Fill the vital positions you cut before you add more busses!

Donna Fish
Donna Fish
September 7, 2017 7:34 pm

Mr. Dronzek is mistaken. There is no bus stop at CVS for the EGHS students. There are however (3) Hill stops and (1) Harbor stop:
Bus 8: Kenyon/Spring, Marlborough/Queen
Bus 1: First/Virginia, Spring/Pearl

Alan Clarke
Alan Clarke
September 8, 2017 12:29 pm

In 1956 when the new high school opened up on Cedar Avenue, we who lived in the “village” (I hate “Hill and Harbor”) walked back and forth every day. We’d start at Division Street and have several small herds by the time we got to First Avenue.
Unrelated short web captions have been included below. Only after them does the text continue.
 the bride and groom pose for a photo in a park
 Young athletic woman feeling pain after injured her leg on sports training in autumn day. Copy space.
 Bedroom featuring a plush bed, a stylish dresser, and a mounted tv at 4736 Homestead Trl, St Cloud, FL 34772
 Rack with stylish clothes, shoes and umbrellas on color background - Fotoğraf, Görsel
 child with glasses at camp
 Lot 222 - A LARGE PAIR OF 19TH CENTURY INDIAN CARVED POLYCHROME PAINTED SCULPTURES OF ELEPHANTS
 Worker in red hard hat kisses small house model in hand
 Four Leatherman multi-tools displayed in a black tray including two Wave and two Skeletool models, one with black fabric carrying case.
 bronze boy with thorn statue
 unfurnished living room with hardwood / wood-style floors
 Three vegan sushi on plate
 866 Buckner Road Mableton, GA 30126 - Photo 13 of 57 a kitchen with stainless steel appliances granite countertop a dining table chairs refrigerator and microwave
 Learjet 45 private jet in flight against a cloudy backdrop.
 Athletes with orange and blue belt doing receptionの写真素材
From there on it would be a line down the hill to Cedar Avenue. And we rather enjoyed it.
In 2017, I’d be hard pressed to have my kids walk the walk. Not because it is too much for kids to have to do, but because people on the road today are just plain nuts! People scream up and down the Bleachery Hill at 50. I see it every day.
This is just an observation because today, my kids have kids who have kids. Times have changed and while I think it would be silly to have buses for that short a hike, the roads are a lot more dangerous. When you can get hit by a car in a parking lot, think of the odds along a busy highway.